*** Opening of Dataset section ***

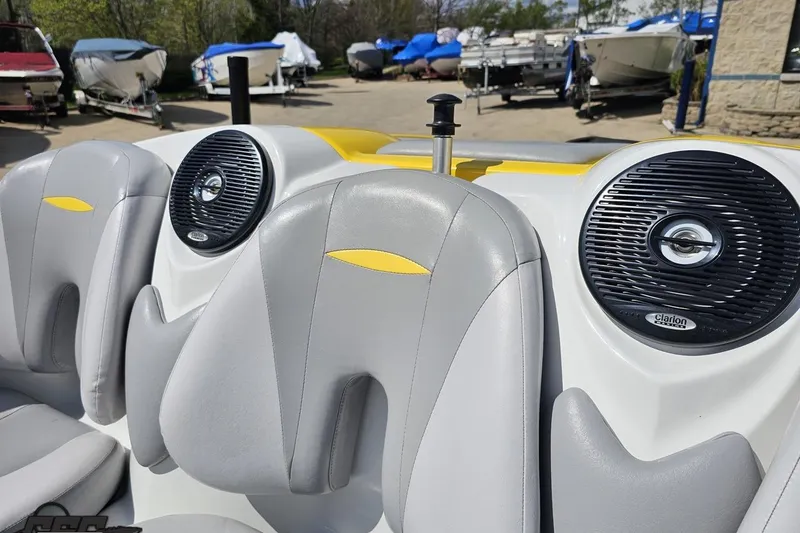 Slide: The Image of 2007 Sea-Doo 150 Speedster interior with gray seats and Clarion speakers. - 80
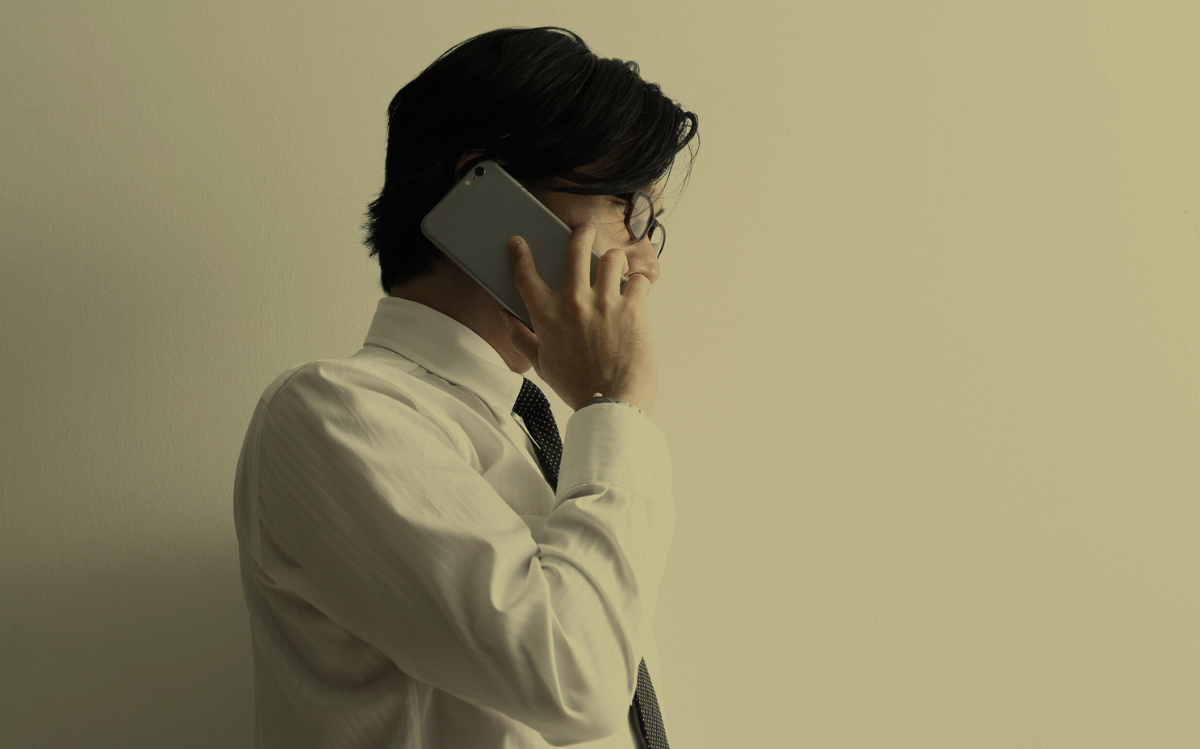 A person in formal attire speaking on a mobile device, suggesting the use of smartphones for professional or business-related communication.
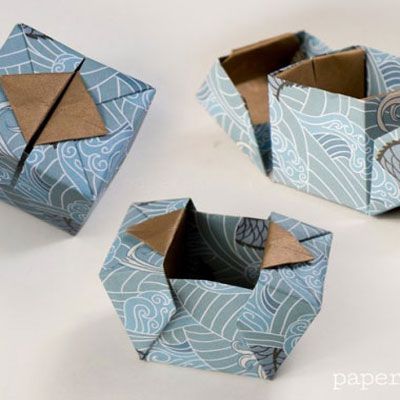 three origami boxes sitting on top of each other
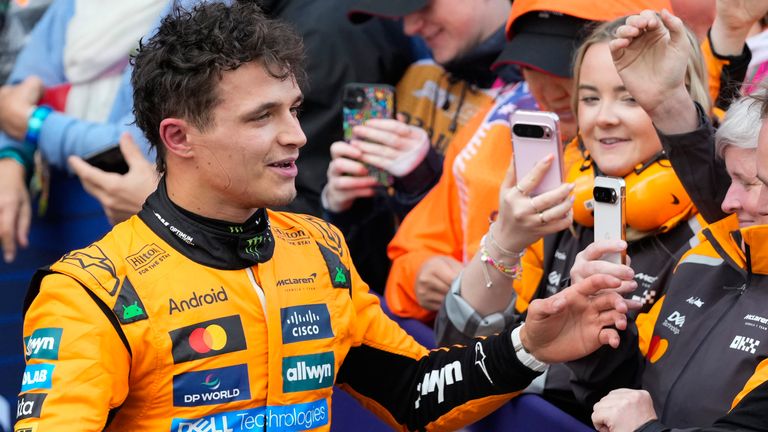 McLaren driver Lando Norris of Britain is celebrates with his team after winning the Australian Formula One Grand Prix at Albert Park, in Melbourne, Australia, Sunday, March 16, 2025. (AP Photo/Asanka Brendon Ratnayake)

*** Close of Dataset section ***

* _Instructions for the task_
Counting the line with "three origami boxes" and the last line of the data above, transcribe those two lines and every line between them exactly, without the pictures.

* _Task solution_
 three origami boxes sitting on top of each other
 McLaren driver Lando Norris of Britain is celebrates with his team after winning the Australian Formula One Grand Prix at Albert Park, in Melbourne, Australia, Sunday, March 16, 2025. (AP Photo/Asanka Brendon Ratnayake)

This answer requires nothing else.